Prospect Park, 7/16/2020

It’s been exactly a year since I started taking photos in the morning while walking the dog. I only posted them on Instagram at first, but my behavior looked suspicious to the algorithm (I can only post on Instagram by telling my laptop’s web browser to pretend to be a cell phone), and Instagram locked me out of my account after a few weeks, so I started putting the photos up here on my blog in August. The idea was to photograph time, the way the color and the feeling of everything changes. A friend sent me an email recently, after reading Overthrow, saying that he lived in California now and liked being reminded of seasons. This made me very happy, because almost the first thing I imagine about a story is when in the year it’s happening (and also, when in the liturgical calendar, even though I’m not a churchgoer any more).

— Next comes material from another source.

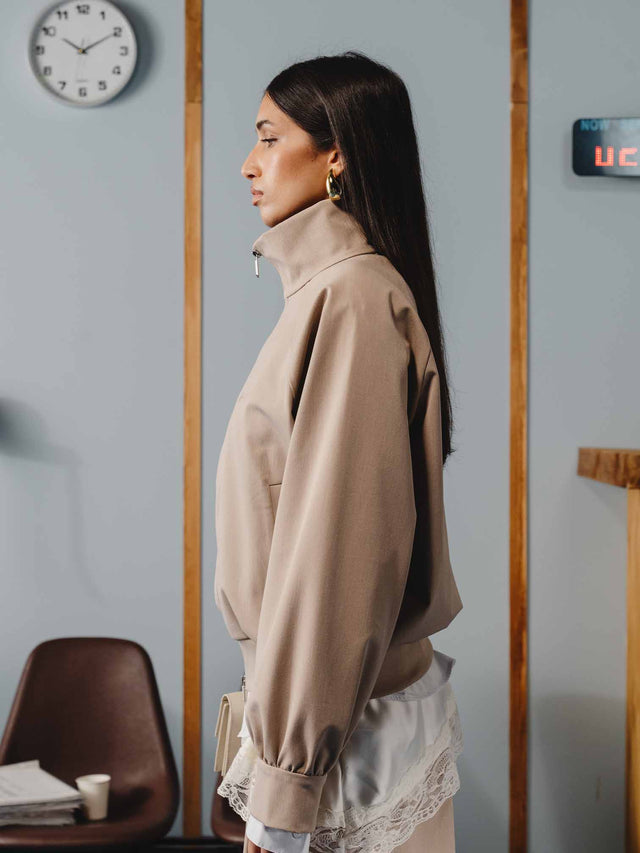 'AVEL' ZIPPER JACKET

My initial plan was to take a picture of the same vista every day, but even on day one, I could tell I didn’t have that much discipline. I just photographed what caught my eye. The first lens I had could do portraits, close-ups, and landscapes, but not long distance, so flowers and mushrooms were more likely subjects than birds or butterflies. It wasn’t until March that I got a second-hand telephoto lens, just in time for the spring migration season for warblers and their friends.

Pokeweed, Prospect Park

Almost my first impulse, when I see something that I want to take a picture of, is to be ashamed of wanting to photograph something so trite. Oh, that’s always there, I tell myself. Everyone sees that all the time. It’s not true. You may think, as a way of dismissing yourself, that there are going to be a lot of mornings when the sun slants through the grove of American sycamores, while its rays are being made visible by a mist, and that it isn’t special, but in a year, there was only one morning when that happened.

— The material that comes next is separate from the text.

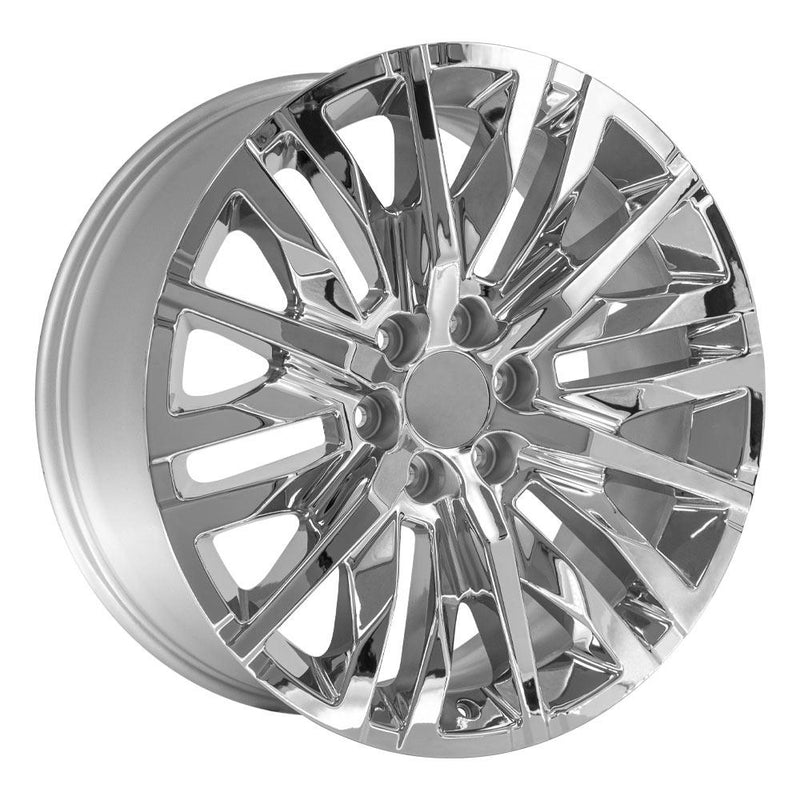 OE Wheels CV33 22x9 6x139.7 28et Chrome Wheel - View 3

Bumblebee on sunflower, Prospect Park

A dozen digital photos cost as much as one, so I take a lot, and sometimes, later, at home, while reviewing a series, I’ll discover that the moment that caught my eye was even briefer than I suspected while I was caught up in it—that the light was only at the necessary angle, and in the right hue, for a few seconds, for the first photo or two in the series.

Eastern comma, Prospect Park

There are two kinds of wild raspberries in Prospect Park—one with white flowers and compact berries, and one with pink flowers and dome-shaped, sweeter berries. I only figured this out a couple of days ago. Often, if a passerby asks me what I’m looking at, I mumble, because I don’t know. I aspire to being able to figure it out at home later, but I don’t even always manage this. Or they ask, “Are you looking at the hawk?” which I’m almost never looking at. For some reason, I almost never see a red-tailed hawk except in the evenings, when I don’t have my camera.

Milkweed, Prospect Park

Is it peaceful to spend an hour in nature in the morning? I don’t know. There’s a lot of conflict in nature. Insects aren’t the friends of other insects. It occurred to me yesterday, while watching sparrows flitting about with the detritus of mostly-eaten insects sticking out of their beaks, Oh, they don’t have arms or hands, so they can’t wipe their mouths, and probably dinosaurs also went around with the gore of the last meal drooping from the sides of their maws. If I’m able to identify a flower, it often turns out to be invasive—to be a weed, basically, flourishing in large part thanks to human disruption of the landscape. But that’s the almost universal condition for flourishing, now; that’s what it is now to be alive.